TikTok Shop’s U.S. live-selling format has largely centered on long streams built around solo hosts, repeated product demonstrations, discounts, and direct calls to buy. The model has helped establish live commerce as a conversion channel, but its utility-first structure may limit its ability to become a broader viewing habit in Western markets.

SKIMS’ “Kimsmas Live!” offered one early alternative. The 45-minute TikTok livestream, hosted by Kim Kardashian, was designed as a holiday variety show with surprise celebrity guests, real-time shopping, exclusive deals, and production support from OBB Media. The format suggested that live shopping in the U.S. may develop less as a direct copy of Chinese commerce streams and more as programmed entertainment with shopping built into the experience.

For this roundtable, 16 Creator Economy experts examine what comes next for live shopping. They discuss celebrity-led events, creator ensembles, recurring shows, gamified formats, and community-driven programming, as well as how brands can earn attention without losing the urgency, product education, pinned offers, and clear calls to action that make live selling convert.

Remy Beaumont, Founder, Z MEDIA®

From Solo Hosts to Variety Shows: 16 Creator Economy Experts on Where Live Commerce Goes Next

The current TikTok Shop live format has a ceiling because it’s purely bottom-of-funnel. Viewers are already in the interest and intent phase, getting moved into conversion. No new attention is being created, so growth caps out at the audience you already have.

What SKIMS showed isn’t really about celebrity. It’s about stacking two funnels in one stream. The celebrity brings top-of-funnel reach that a solo host rotation could never pull in, and the shop captures whoever’s ready to convert.
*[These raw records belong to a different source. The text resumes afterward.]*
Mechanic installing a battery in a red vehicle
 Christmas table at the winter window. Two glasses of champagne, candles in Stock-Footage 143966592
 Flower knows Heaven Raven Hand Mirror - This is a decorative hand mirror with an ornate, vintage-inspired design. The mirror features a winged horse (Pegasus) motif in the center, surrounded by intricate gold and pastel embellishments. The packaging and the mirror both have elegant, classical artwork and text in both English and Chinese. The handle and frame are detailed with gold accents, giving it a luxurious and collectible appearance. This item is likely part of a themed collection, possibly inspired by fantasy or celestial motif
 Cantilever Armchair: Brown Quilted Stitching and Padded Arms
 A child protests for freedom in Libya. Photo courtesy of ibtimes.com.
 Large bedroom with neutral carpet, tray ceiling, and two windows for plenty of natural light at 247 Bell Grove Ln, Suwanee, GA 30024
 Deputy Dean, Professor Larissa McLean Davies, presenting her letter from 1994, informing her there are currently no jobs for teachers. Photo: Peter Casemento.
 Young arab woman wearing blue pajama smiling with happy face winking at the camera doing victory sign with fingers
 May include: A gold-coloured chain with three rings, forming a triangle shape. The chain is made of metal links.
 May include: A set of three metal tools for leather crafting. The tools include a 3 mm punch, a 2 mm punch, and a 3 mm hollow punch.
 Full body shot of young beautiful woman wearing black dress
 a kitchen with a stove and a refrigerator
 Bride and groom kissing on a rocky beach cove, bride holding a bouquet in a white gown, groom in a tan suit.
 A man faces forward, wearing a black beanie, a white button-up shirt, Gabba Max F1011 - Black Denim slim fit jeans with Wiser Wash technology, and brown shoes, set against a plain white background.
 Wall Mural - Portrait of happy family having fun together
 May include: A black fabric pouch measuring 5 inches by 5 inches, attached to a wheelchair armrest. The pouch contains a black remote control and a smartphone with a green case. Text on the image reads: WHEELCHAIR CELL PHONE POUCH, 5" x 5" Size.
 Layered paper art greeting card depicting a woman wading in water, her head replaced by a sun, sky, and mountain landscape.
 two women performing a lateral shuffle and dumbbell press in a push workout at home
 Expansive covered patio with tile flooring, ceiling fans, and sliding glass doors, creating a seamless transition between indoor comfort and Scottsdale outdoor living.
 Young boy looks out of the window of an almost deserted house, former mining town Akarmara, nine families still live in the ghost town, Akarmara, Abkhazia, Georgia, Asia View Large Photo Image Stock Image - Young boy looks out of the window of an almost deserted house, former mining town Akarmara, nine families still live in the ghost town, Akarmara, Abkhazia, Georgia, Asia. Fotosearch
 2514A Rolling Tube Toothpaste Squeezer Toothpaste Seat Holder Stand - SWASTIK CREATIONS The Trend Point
The live becomes an acquisition channel, not just the checkout.

The mechanics that make live convert don’t go away in an entertainment-led format, they get redesigned. Urgency shifts from flash pricing to education-led, [which is] why this matters now. Demonstration gets more powerful with talent people actually want to watch use the product. Social proof becomes the viewership itself plus personalized callouts, “thanks for the order, Jess,” which doubles as community when it’s a celebrity saying it. The CTA gets woven in throughout, not punched in every 90 seconds.

The brands that win will look at this as running entertainment that happens to sell.

Kate Fleming, Director of Influencer Strategy, PartnerCentric

From Solo Hosts to Variety Shows: 16 Creator Economy Experts on Where Live Commerce Goes Next

Everyone’s about to copy SKIMS. Most will lose money doing it.

“Kimsmas Live!” worked because it was essentially a 45-minute, broadcast-grade variety show that was fully shoppable in real time. The reason to watch was the show, not the deals. That’s the real shift. The long-duration, solo-host product rotation format has a ceiling in Western markets because it can’t grow audience the way entertainment can, which is why live is only 10% of TikTok Shop GMV, while short-form video is 60%.

What comes next is a split engine: big, produced tentpole lives (celebrity-led or creator-led) built for reach and “I have to see this” energy, paired with always-on creator lives that do the reliable, repeatable conversion work. And leaning into entertainment doesn’t mean sacrificing the mechanics that make live sell. Pinned product rotation, live-only coupons, and scarcity cues still work in any format. If anything, better entertainment creates the exact behaviors TikTok rewards, like completion and lots of different product interactions.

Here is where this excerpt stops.